[XML-SIG] [Python-Dev] ElementTree in stdlib
mike at skew.org
Tue Dec 13 02:34:44 CET 2005
(Context: the thread starting at
> So as that has more-or-less failed, the next natural approach is
> "let's believe in the community". For that, two things need to
> happen: the author of the package must indicate that he would like
> to see it incorporated, and the users must indicate that they like
> the package. Both has happened for ElementTree, but I think it
> could happen for other packages, as well.
> If it is merely the lack of due process you are complaining about,
> and you agree with the result, then IMO nothing would need to be
> changed about the result. Discussing it post-factum on xml-sig
> might still be valuable.
Thanks Martin and others for responding.
I full agree that ElementTree has proven to be useful, popular, and stable,
and probably no one would object to ElementTree being given the endorsement
that is implicit in its being made a part of stdlib.

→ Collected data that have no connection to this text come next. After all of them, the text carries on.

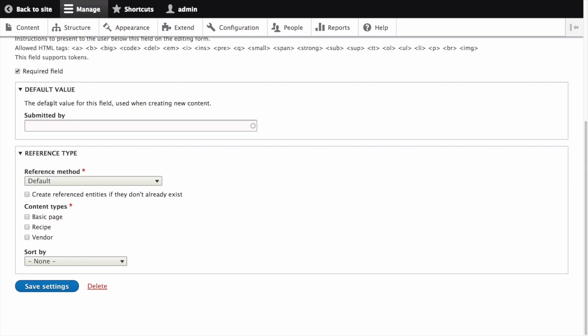We won't specify a default value, so let's move on to Reference Type. For Reference Method, select Default. Let's leave unchecked Create Reference Entities if they don't already exist, because the vendors should already be created before a recipe is submitted by them. For Content Types, select Vendor.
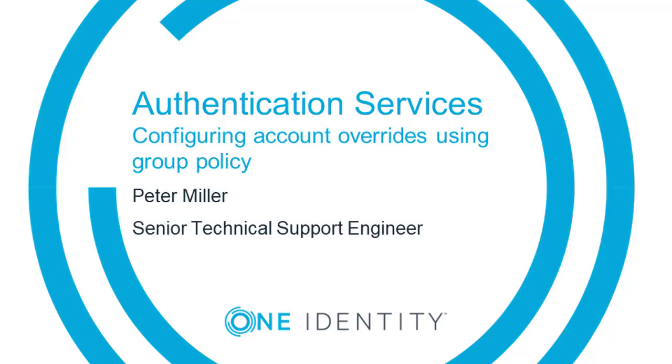Hi, this is Pete from One Identity Support. In this video I'll show you how to create user or group overrides for authentication services using group policies.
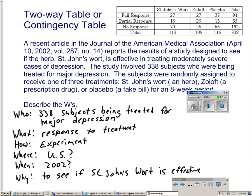And here are the answers. You will notice that on 'where' and 'when' I put a question mark because it doesn't explicitly state that this was done in the U.S., but it was published in an American journal, and it doesn't say the study was done in 2002, but it was published in 2002.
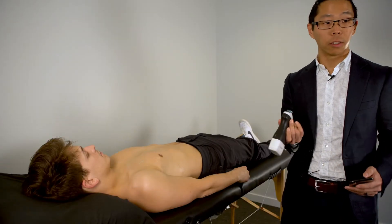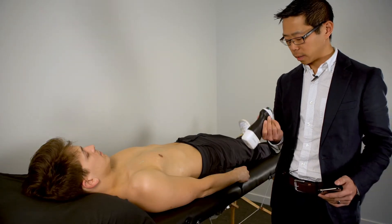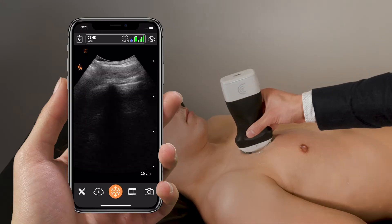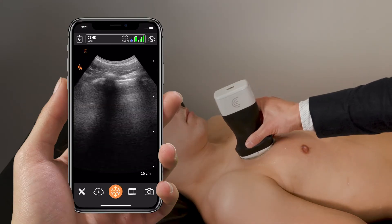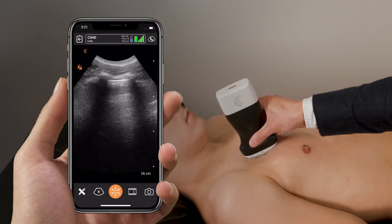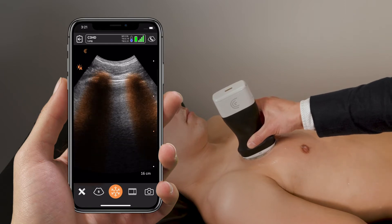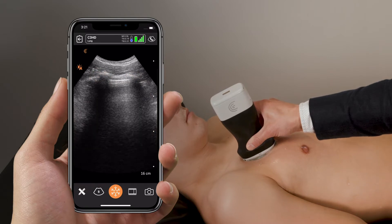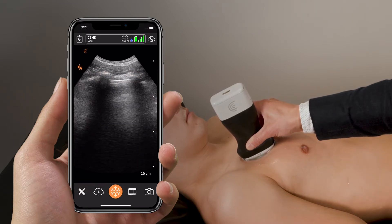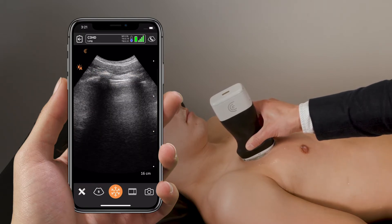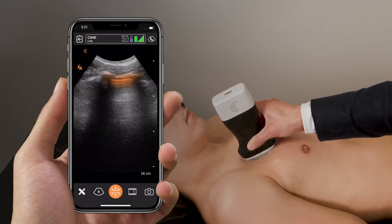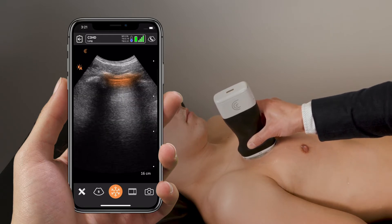We're going to place the ultrasound probe with the marker pointed upwards in a vertical position in the midclavicular line. Our landmarks here are going to be our ribs. The ribs are hyperechoic with black shadowing behind — bright and white with black shadowing. We're interested in the bright hyperechoic pleural line in between, which will have a shimmering movement as we visualize it.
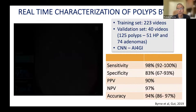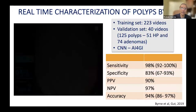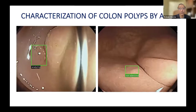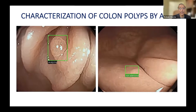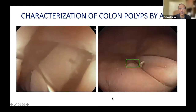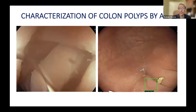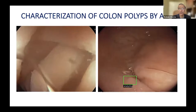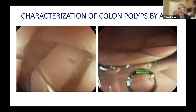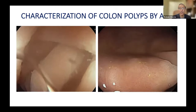Another similar example shows a device analyzing a lesion and calling it an adenoma. Then on the right, it looks at a similar lesion, starts analyzing it, and predicts its histology — in this case recognizing it as hyperplastic or non-adenomatous tissue. That is the characterization part of these CAD-X devices.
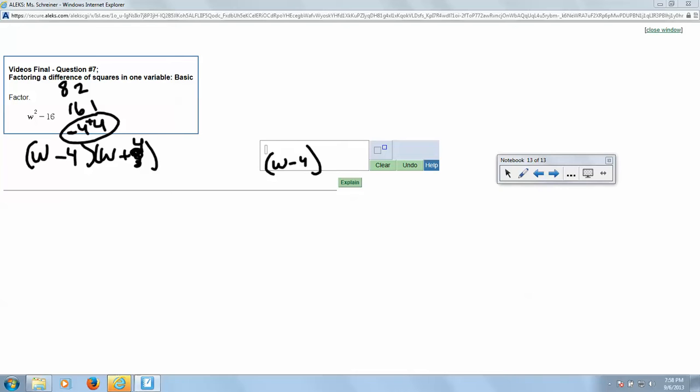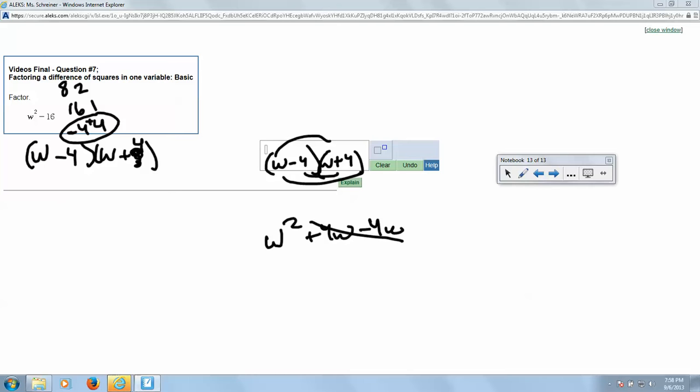And then when you go to FOIL it and check it, you get your W squared. You get your plus 4W, your minus 4W, that cancels out. And then you get for your last two, negative 16. So these are the two that you have left and it checks.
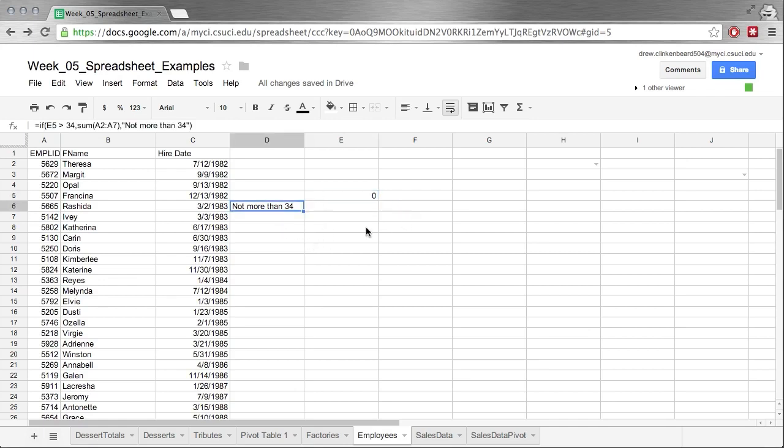And this is also interesting because this is kind of a first look at computer programming because this is something that is used in computer programming, IF statements. It's a logical control structure.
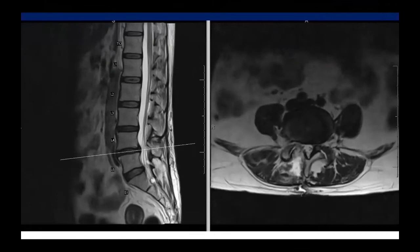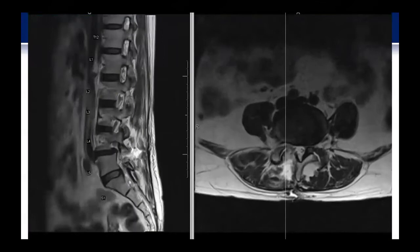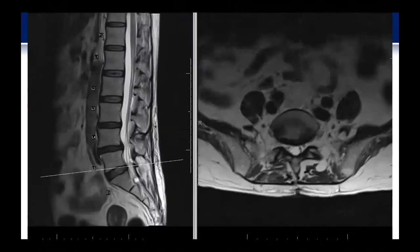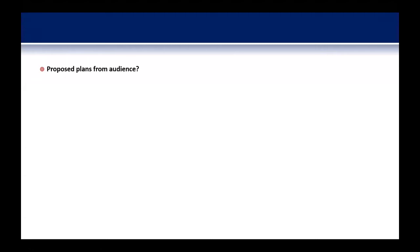This is her MRI examination. You can see L3-4 is pretty much wide open. At L4-5, you can see the previous laminotomy site on the parasagittal images. There is maybe some mild continued neuroforaminal compression; however, it's likely dynamic in nature as evidenced by the previous X-rays. L5-S1 is pretty much wide open. I'm going to open this up to the audience to make any suggestions about what treatment should be offered to this patient going forward.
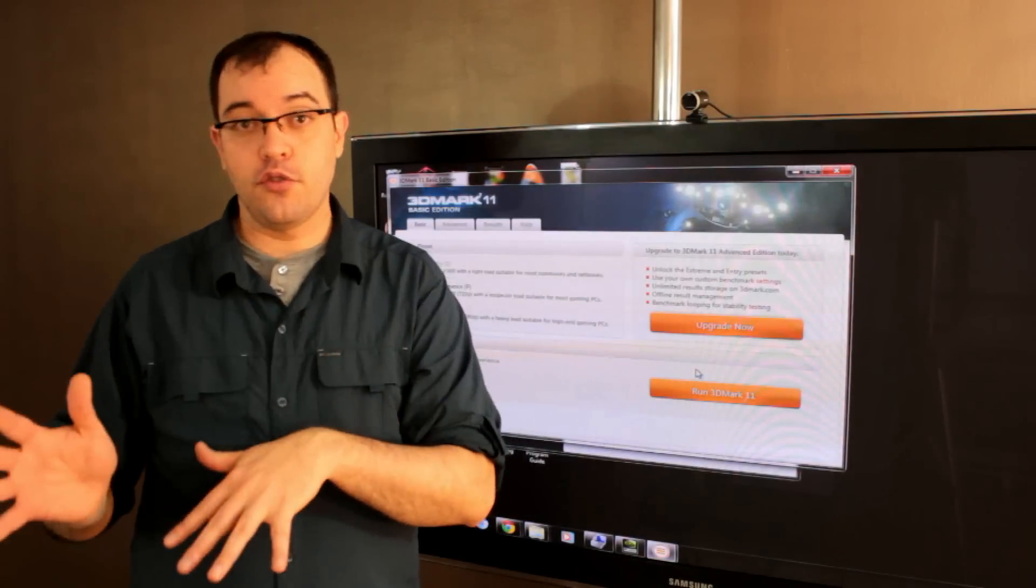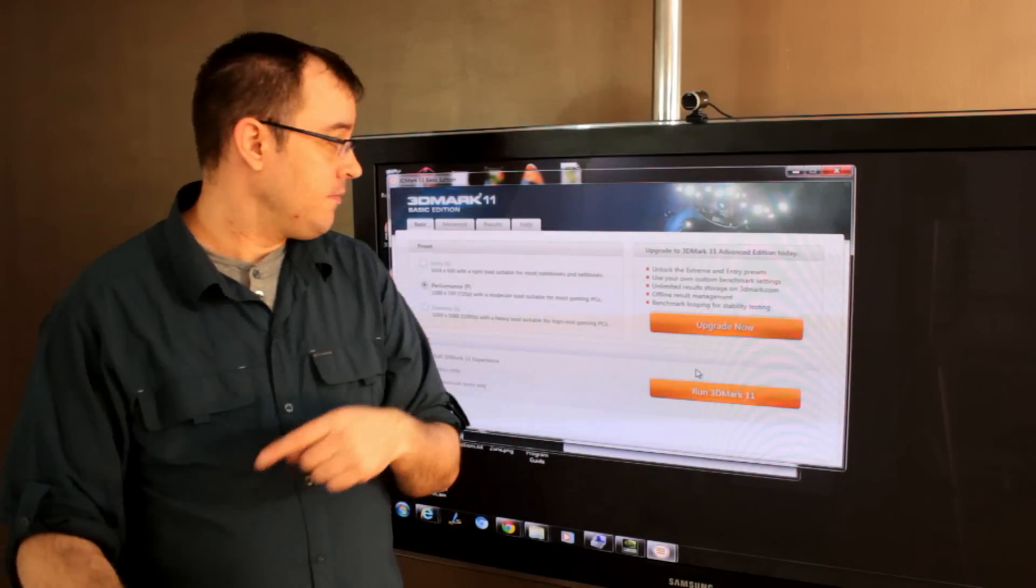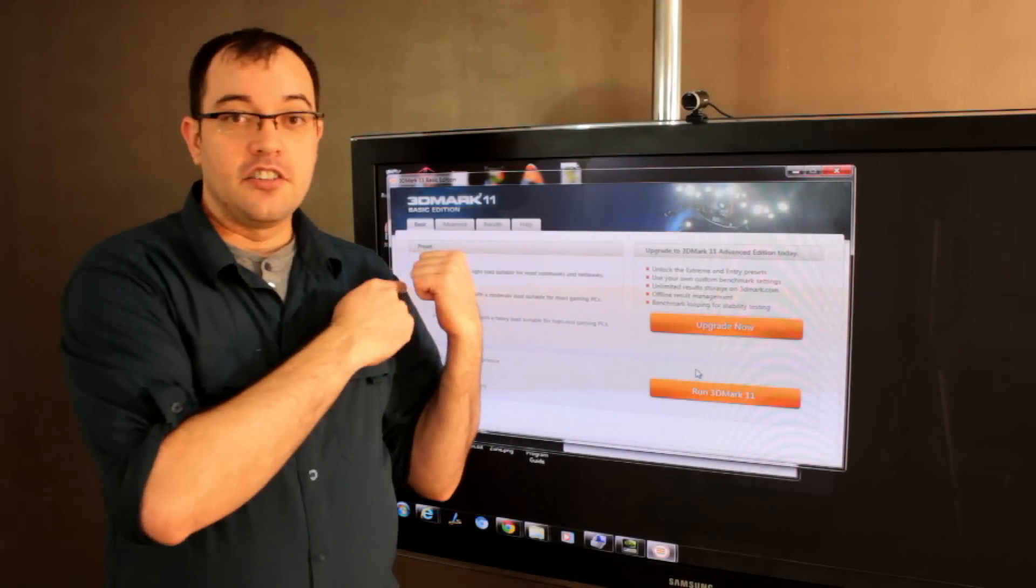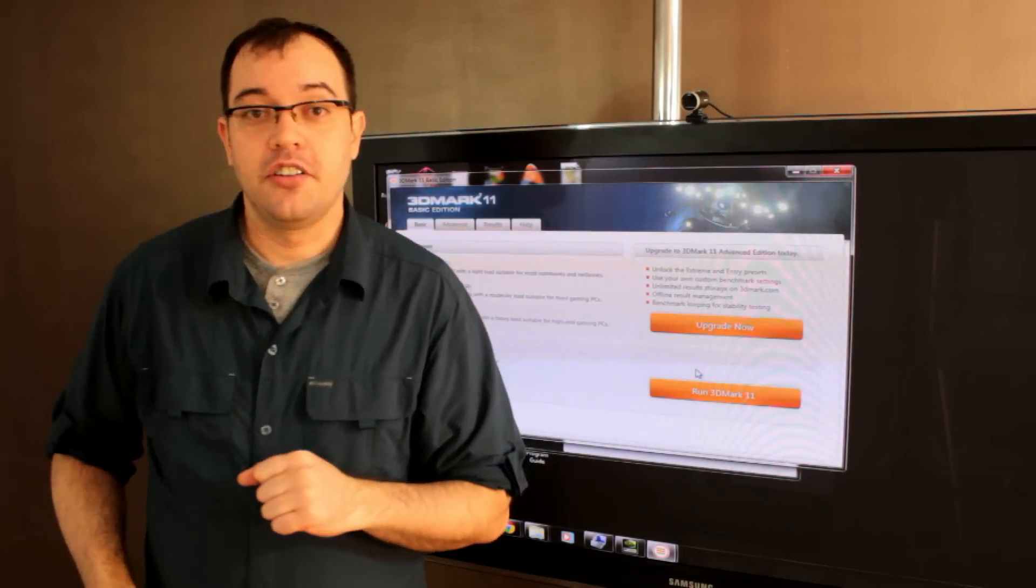If you do need to benchmark your computer to prove that the $10,000 you spent just got you an extra 4 frames per second, check out FutureMark.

The lack of due process, given that XML-SIG seems to exist largely to provide
that very service for all things XML in Python, is indeed all I'm complaining
about. I am happy that for once, there is momentum behind this sort of thing,
and more power to you for that.
My fears are just that 1. XML-SIG is being seen as either irrelevant or as an
obstacle (perhaps due to the friction between Fredrik and Uche) and are thus
being sidestepped, and 2. other libs that could/should be contenders (Amara
and 4Suite are not in this list, by the way) are going to become further
marginalized by virtue of the fact that people will say "well, we have
ElementTree in stdlib already, why do we need (fill in the blank)?"
I suppose the same kind of implicit endorsements were given to minidom and
SAX, and that obviously hasn't prevented people from going out and using
ElementTree, lxml, etc., so I don't know... I can't predict the future. I'd
just feel better about it if everyone on XML-SIG, where people hang out
because they have a definite interest in this kind of thing, knew what was
going on. Some authors of other libs may not even be aware that they could so
easily have their code whisked into stdlib, if it's solid enough.